The motivation to employ the same FPGA hardware was to be able to reuse the same software componentry across the projects. Dutoit says that in a production version of the exascale node, “the aim is to have the Arm cores inside the chiplet,” the rationale being to put the general-purpose compute hardware as close as possible to any special-purpose accelerators on the chiplet in order to save energy and shorten the communication path.
The chiplets delivered with the prototype, which were manufactured by STMicroelectronics’s FD-SOI 28nm process, only contain communication logic for the interposer-chiplet complex plus a specialized hardware block for accelerating convolution neural network (CNN) computations. In this case, the CNN accelerator, which is based on an open-source implementation (EvaConv) developed at ETH Zurich, is only for demonstration purposes, although it would certainly be a prime candidate to include in a production chiplet, given the interest by HPC users to apply deep learning to their application workflows.
Because of the large size of the FPGAs, these devices are likely to remain as distinct components on the MCM going forward, Dutoit says. Their purpose is to serve as a platform for specialized application functions that don’t warrant the development of a hard-wired custom chiplet.
The memory components in the prototype are external to both the interposer and the MCM. In a production implementation, the intention is to have high bandwidth memory (HBM) stacked on the interposer right next to the Arm chiplets and any special-purpose accelerators, again the idea being to shorten the data path and conserve energy.
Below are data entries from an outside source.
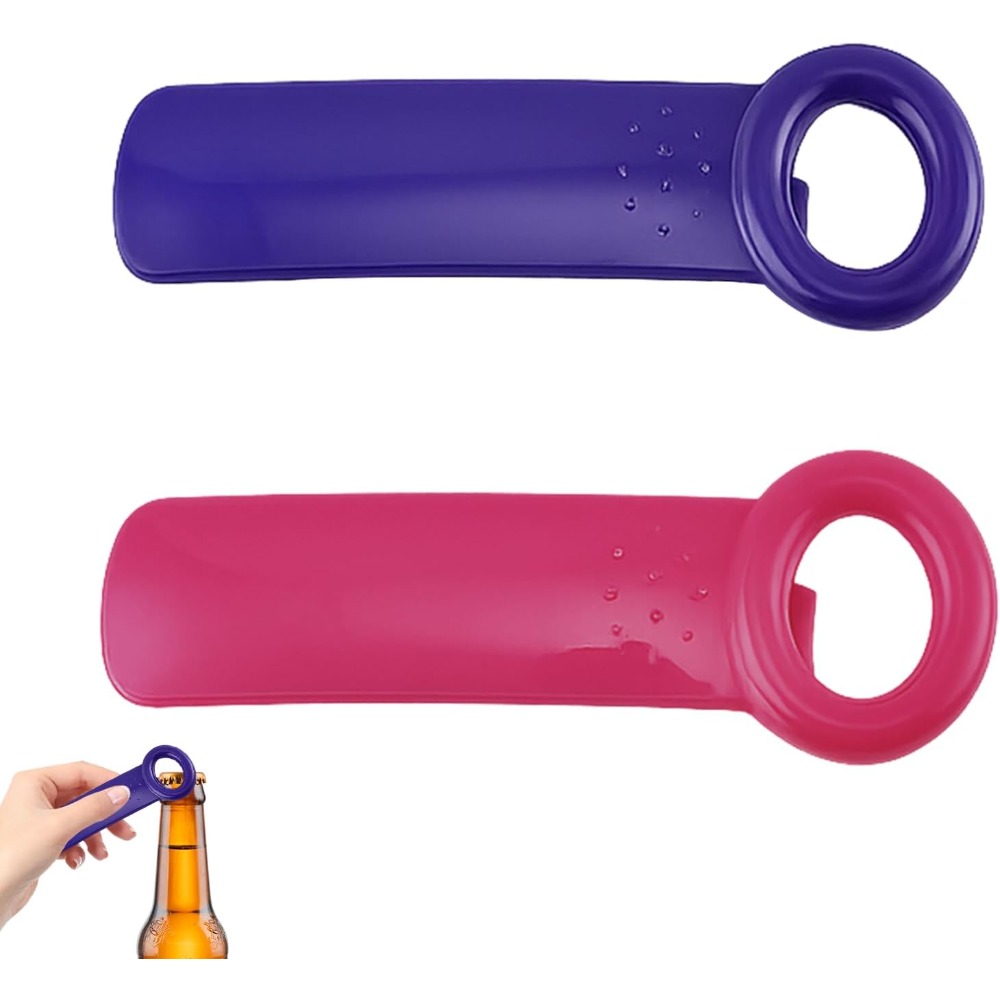 Image of 2pcs/set Purple + Rose Red Ergonomic Jar Lid Opener With Non-slip Resin Handle, Suitable For People With Arthritis Or Weak Hands, Universal For The Elderly And Women, Fits All Bottle Caps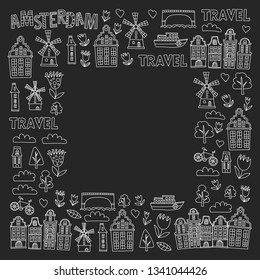 Vector pattern with Holland, Netherlands, Amsterdam icons. Doodle style.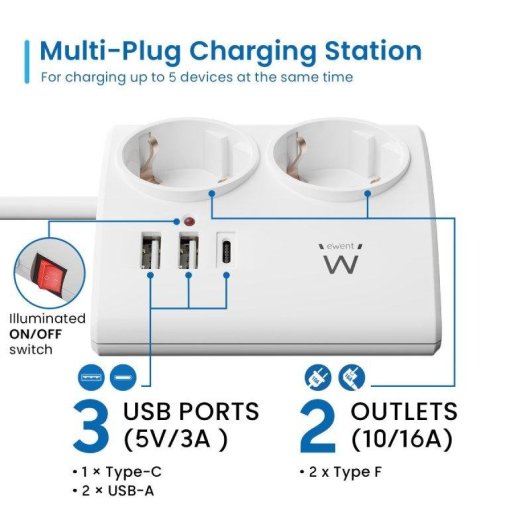 Energie-Station Ewent EW3871 2 Schuko-Steckdosen 2 USB-A 1 USB-C 1,5m Weiss Schalter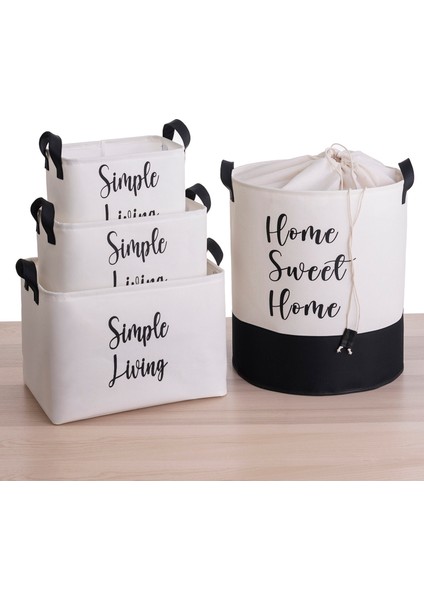 Beyaz Simple Living Dikdörtgen Sepet 37X27X25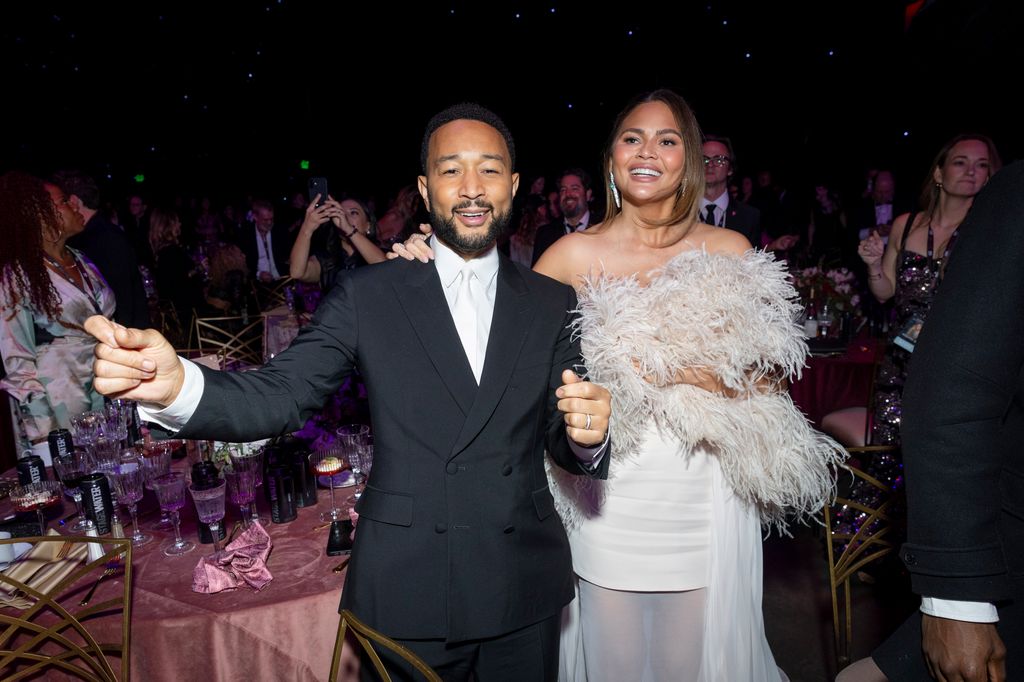John Legend and Chrissy Teigen attend 2026 MusiCares Person of the Year Honoring Mariah Carey on January 30, 2026 in Los Angeles, California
The ExaNoDe memory system is based on UNIMEM, a PGAS-style global addressing scheme that allows compute nodes to share non-coherent memory across a cluster. Essentially, it’s a model that separates local coherent memory with that of remote memory, employing an API to negotiate between them. Underneath the covers, it uses RDMA to provide access to data where it resides, largely avoiding costly copies between nodes. UNIMEM was developed by the EUROSERVER project, yet another EU initiative aimed at developing domestic computing IP.
One of the other home-grown technologies that made it into the prototype was the active interposer, which had been developed by CEA-Leti in an unrelated project under separate funding. The base interposer was manufactured by STMicroelectronics, while the thru-silicon via (TSV) and microbumps integration was done in CEA-Leti’s own fab. The interposer/chiplet complex, which the project refers to as a “3DIC,” represents ExaNoDe’s major contribution to the larger exascale effort underway on the continent.
On the software side, four HPC applications have been ported to the prototype as a demonstration of how such workloads can be accelerated on a heterogeneous node. They include BCQD, a lattice quantum chromodynamics simulation code; HydroC, a simplified version of the astrophysical code RAMSES; miniDDR, a materials science application based on KKRnano, and miniFE, a finite element generation, assembly and solution for an unstructured grid problem. The compute node’s FPGAs were specifically used to accelerate the kernels of these mini-applications. The diagram below illustrates how these applications ride on top of the software stack that has been stitched together for the ExaNoDe platform.
Dutoit tells us that going forward, the ExaNoDe software building blocks and application ports will be taken up by EuroEXA, a project tasked to design and build a petascale prototype using FPGAs, Arm, and other technologies. Meanwhile, the hardware work will be passed off to the European Processor Initiative (EPI), an EU project to develop a domestic HPC chip for pre-exascale and exascale supercomputers. “All the we have learned from 3D integration, chiplet partitioning, and methodologies for this kind of technology will be the basis for the EPI processor,” says Dutoit.